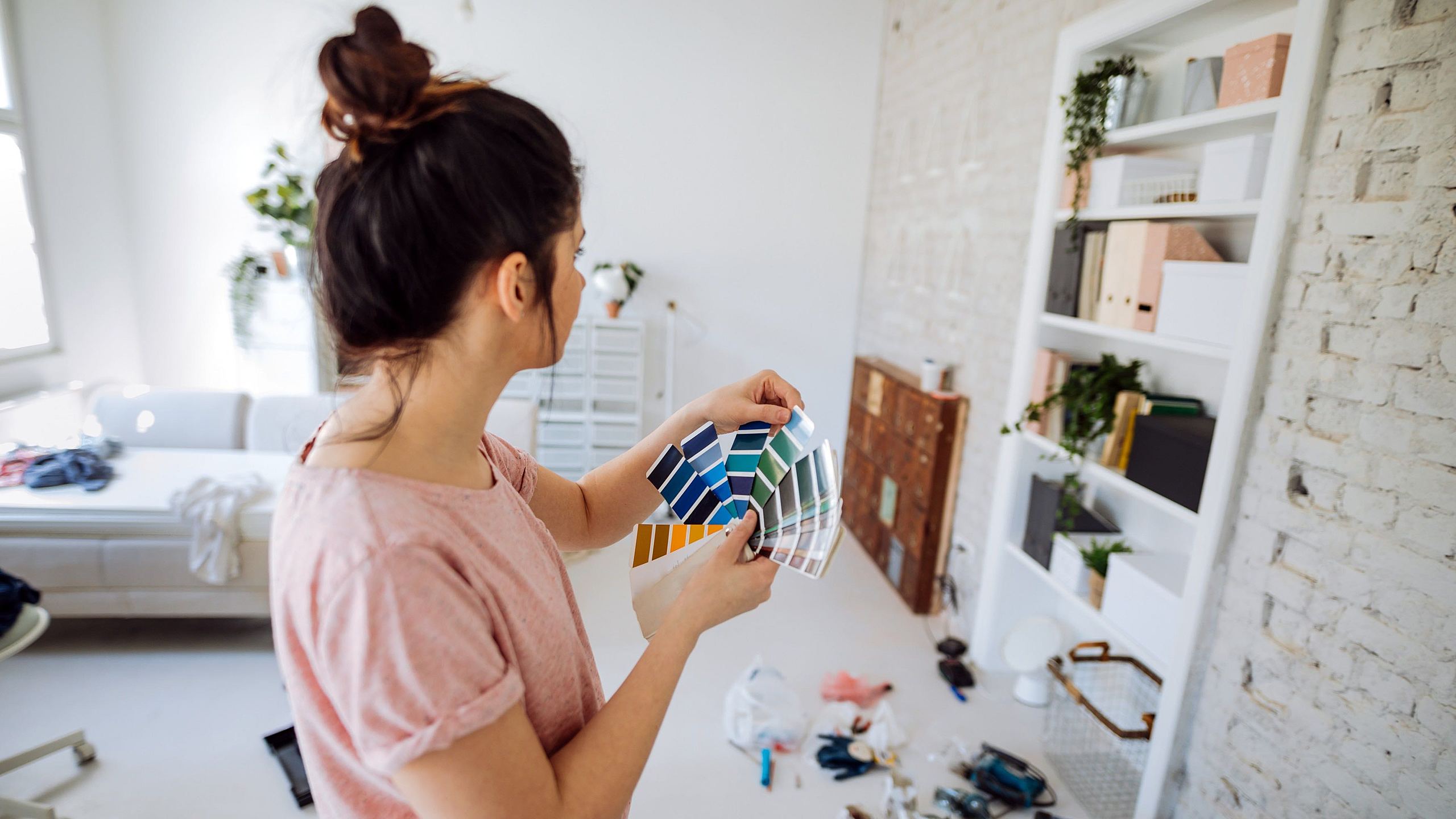 Descubra como combinar as cores na decoração do seu apartamento!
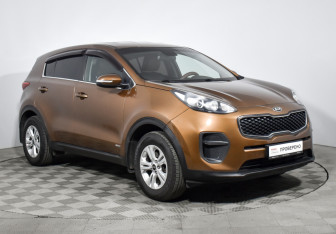 Подержанный автомобиль Kia Sportage 2017 года (3 фото)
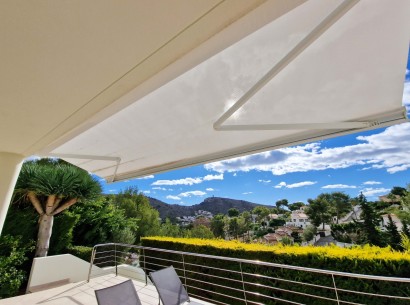 Resale - Chalet -
Moraira - Portet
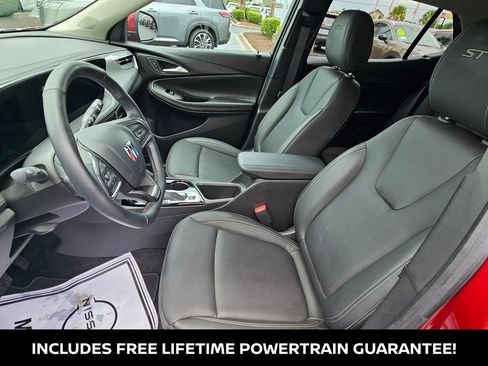 Used 2024 Buick Encore GX Sport Touring w/ Comfort Package FWD image 16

::::

If any image appears in the entries, omit it and return the rest verbatim.

Output for this task:
 Descubra como combinar as cores na decoração do seu apartamento!
 Подержанный автомобиль Kia Sportage 2017 года (3 фото)
 Resale - Chalet -
Moraira - Portet
 Used 2024 Buick Encore GX Sport Touring w/ Comfort Package FWD image 16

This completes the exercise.